From 7c33b1208632a9581d0ee7aabd1e0584a5d1fb20 Mon Sep 17 00:00:00 2001
From: David Gibson <david@gibson.dropbear.id.au>
Date: Sat, 15 Feb 2025 00:08:41 +1100
Subject: [PATCH] vhost_user: Clear ring address on GET_VRING_BASE

GET_VRING_BASE stops the queue, clearing the call and kick fds.  However,
we don't clear vring.avail.  That means that if vu_queue_notify() is called
it won't realise the queue isn't ready and will die with an EBADFD.

We get this during migration, because for some reason, qemu reconfigures
the vhost-user device when a migration is triggered.  There's a window
between the GET_VRING_BASE and re-establishing the call fd where the
notify function can be called, causing a crash.

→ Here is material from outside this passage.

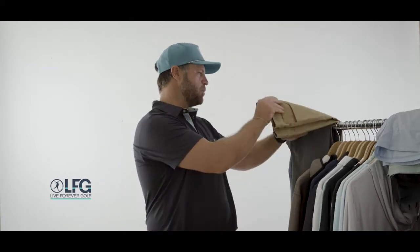Hey, I'm Matt Proctor here with Live Forever Golf. I want to show you guys a couple of our featured items from our fall line. The first one is our pants — you saw these in our Spring '21 line.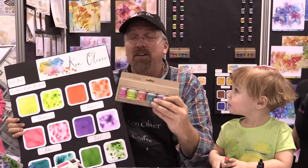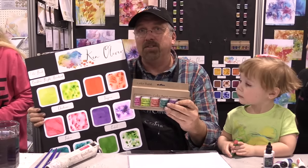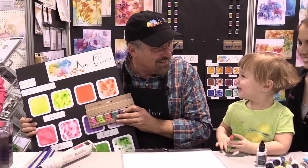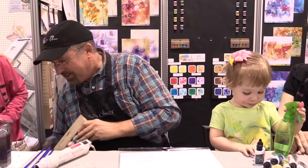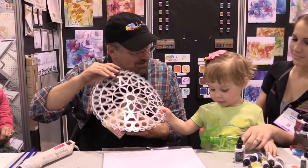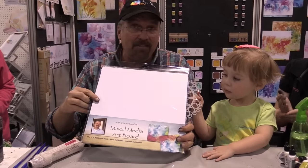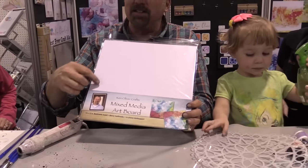Now with Color Burst we have 20 colors and we have black and brown, so we've got a really nice color palette for all kinds of projects. Veronica and I are gonna paint — let's paint, it'll be really fun. I'm gonna put these over to the side and we're gonna use a stencil and one of my mixed media boards. You have these mixed media boards on scrapbook.com.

Signed-off-by: David Gibson <david@gibson.dropbear.id.au>
Signed-off-by: Stefano Brivio <sbrivio@redhat.com>
---
 vhost_user.c | 1 +
 1 file changed, 1 insertion(+)

diff --git a/vhost_user.c b/vhost_user.c
index 7ab1377..be1aa94 100644
--- a/vhost_user.c
+++ b/vhost_user.c
@@ -732,6 +732,7 @@ static bool vu_get_vring_base_exec(struct vu_dev *vdev,
 	msg->hdr.size = sizeof(msg->payload.state);
 
 	vdev->vq[idx].started = false;
+	vdev->vq[idx].vring.avail = 0;
 
 	if (vdev->vq[idx].call_fd != -1) {
 		close(vdev->vq[idx].call_fd);